HoneyGold Group is putting together $300 million on two sites in Adamawa State, with the target of producing 200,000MT of sugar annually.

Similarly, Crystal Sugar Mills is investing $30 million in Hadejia, Jigawa State, with a view to expanding its operations to produce 60,000MT of sugar per annum from its acquired 1,500 TCD sugar plant.

Confluence Sugar Company, another keen investor, has also concluded arrangements to pump $240 million in Kogi State to produce 200,000MT of sugar per annum on 37,000ha of land at Ibaji, said Latif Busari, executive secretary, NSDC, in a recent statement.
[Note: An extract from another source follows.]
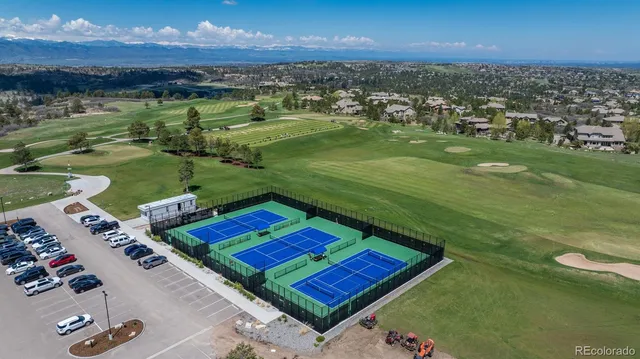 $2,700,000 | 910 Equinox Drive, Castle Rock, CO 80108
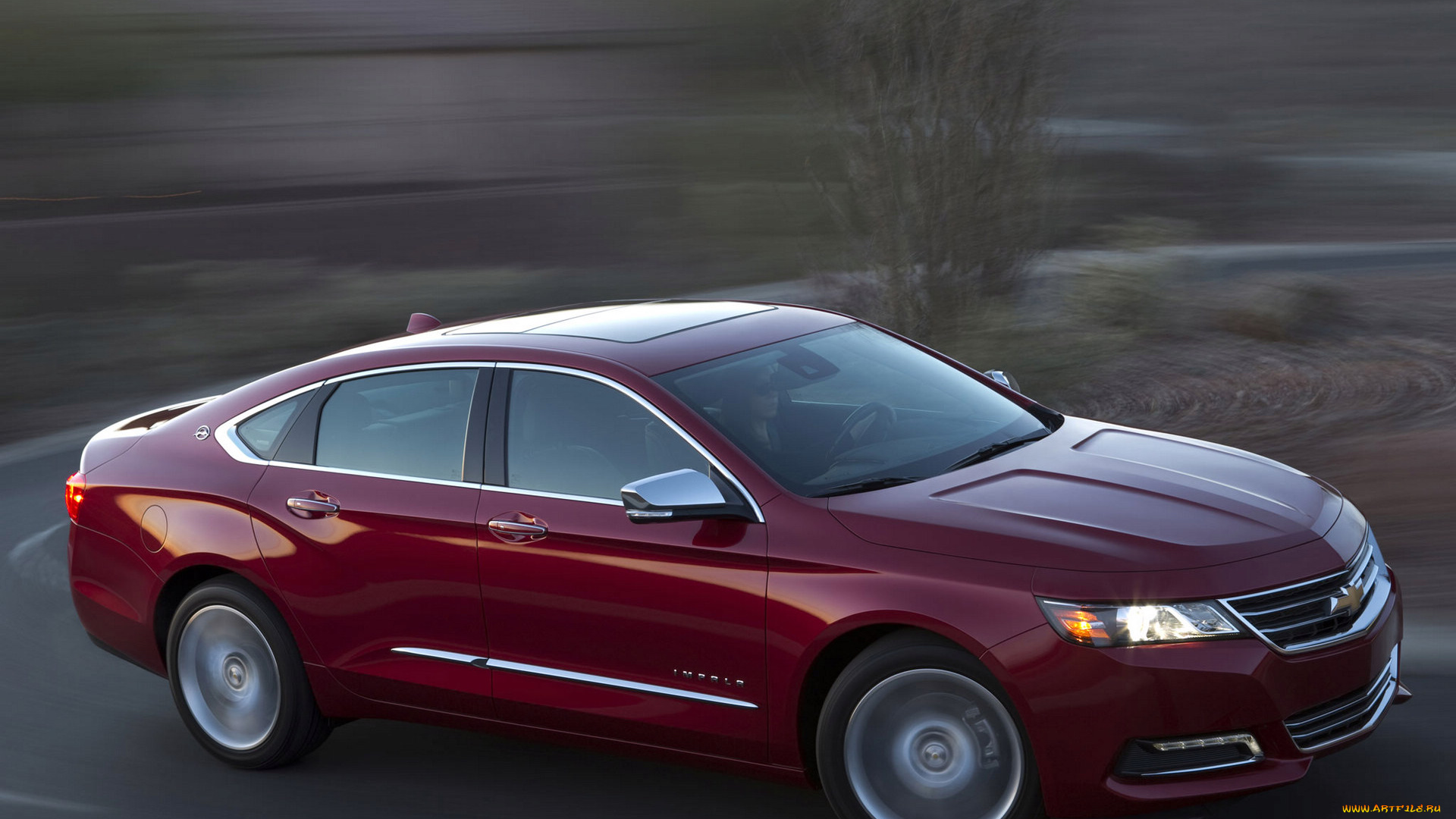 автомобили, chevrolet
On its part, Bua Sugar is expanding, having recently acquired Lafiagi Sugar Plant in Kwara State.

“With the backward integration policy introduced in the sub-sector, Nigeria would cease to be a net importer of sugar in the next four years. With the enabling environment, right policies and political will of the Jonathan’s administration, the sugar sub-sector would witness the same turnaround as cement’’ said Aliko Dangote, during the launch of the National Industrial Revolution Programme (NIRP) in Abuja, recently.

Flour Mills of Nigeria began commercial sugar refining in February. Jacques Vauthier, chief financial officer, said construction work on the 750,000MT capacity plant had been completed and a test run done in December.

Apart from these investors, Unikem Industries is investing in a newly acquired plant in Dangerri, Kogi State, to produce 80,000MT of sugar, while Colechurch Nigeria Limited has also entered the stage. Honeywell Group is also making plans to invest in the burgeoning industry. Stakeholders say with this trend, the country will soon meet its local demand.

“Nigeria plans to end imports of packaged sugar from this year to boost local investment and become a self sufficient producer,’’ said Lateef Busari, executive secretary, NSDC, recently. Real Sector Watch gathered that soon, imports of raw sugar for refining will only be approved by the president on the recommendations of the trade and industry minister.